Sheffield Derby: Why the key to success for Sheffield United has been forged away from Bramall Lane and Shirecliffe
A series of informal meetings, away from Bramall Lane, have helped shape Sheffield United's approach to tonight's derby.
The finer points of their battleplan for tonight's visit to Hillsborough have been tweaked inside the Steelphalt Academy's video suite; a nondescript room at Sheffield United's training complex where their analysts and coaching staff hold court.
But its fundamentals, the emphasis on attitude and togetherness which underpins Chris Wilder's tactics, were cemented over cups of freshly brewed coffee, the occasional pot of tea and, if the diet sheet allows, omelettes and croissants.
"We spend a lot of time together away from football and I think that's healthy," says Enda Stevens.
"All of the lads are mates.

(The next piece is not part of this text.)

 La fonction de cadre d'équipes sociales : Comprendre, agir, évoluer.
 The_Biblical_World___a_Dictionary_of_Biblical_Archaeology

Quite often we go out and have breakfast together before training. It's good. All good, in fact."
Sitting in the home dugout at Bramall Lane, Stevens cuts a relaxed and contented figure.

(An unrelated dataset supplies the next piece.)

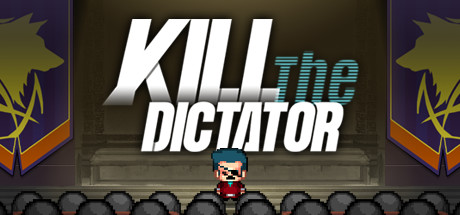 Kill the Dictator cover art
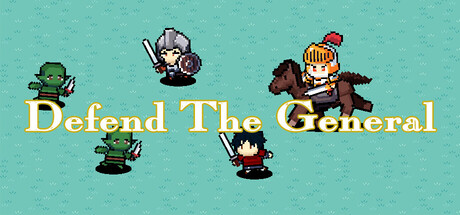 Defend the General Launches on Steam with Retro Strategy Action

Less than an hour earlier, the Republic of Ireland wing-back and sometime centre-half had scribbled his signature across the bottom of a contract tying him to the club for the next three-and-a-half seasons after emerging as a key member of United's squad.
On the pitch, things have gone better than either he or Wilder hoped for as it enters the derby in the thick of a promotion race.

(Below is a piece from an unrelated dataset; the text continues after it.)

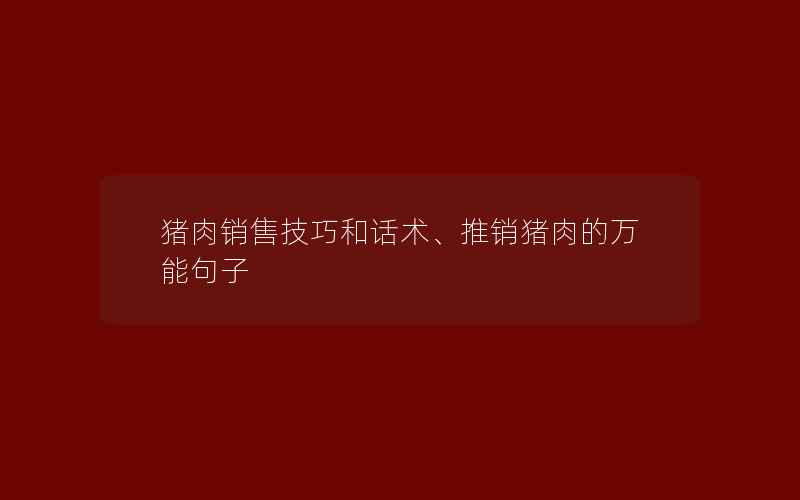 猪肉销售技巧和话术、推销猪肉的万能句子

Off it, Stevens admits, life is just as good. Indeed, explaining how he has bought into a city as well as a football club, the 28-year-old believes there is a direct correlation between the two.
"I've moved up here with the missus," Stevens continues.
"We're settled here and we really enjoy it which, to my mind, is really important.
If you're not settled away from the game, if there's things going on, then it's not as easy to focus on what you should be doing.
But we love it here."
Wilder, a curious combination of old school values and new school thinking, has deliberately blurred the lines between his players' sporting and social lives since taking charge three years ago.
Encouraging victories to be celebrated, so long as they are in each other's company, it is a ploy which has delivered a League One title and then a top six challenge last term.
Stevens, who arrived on a free transfer from Portsmouth as United celebrated their climb out of the third tier, believes the strategy has been even more of a driving force behind recent results than the manager's pioneering system.
And, as they prepare to face a rejuvenated Sheffield Wednesday, a crucial weapon in United's derby arsenal.
"It's all about the dressing room here. Seriously, it's the best one I've been in and, for me, that's what makes a difference.
"Yes, we've been doing well and the formation, the way we go about it, has obviously been a talking point because there aren't too many teams who get the numbers forward we do.
"But the thing is, you just want to go out there and do well for the rest of the lads.
“Every player wants to do well for those around him rather than just himself. You don't get that at other clubs."
Like the majority of United's squad, Stevens, aged 28, started his career in the semi-professional and non-league ranks before eventually turning full-time.
After graduating from Cherry Orchard's youth programme in his native Dublin, he represented UCD, St Patrick's Athletic and Shamrock Rovers before being lured to England by Aston Villa and then, following a series of loan moves, sold to Fratton Park.
"We’re not a team of superstars," Stevens says.
"But I think that's important because it means we're all about the group.
“If one of us plays good, then the rest of us play good.
“Obviously I want to play well, because that's how I impress the manager and stay in the side.
“But when I go out there, seriously, my first thought is to help the guys around me impress.
“That's why we are where we are. Because of all of us. Not a couple of individuals."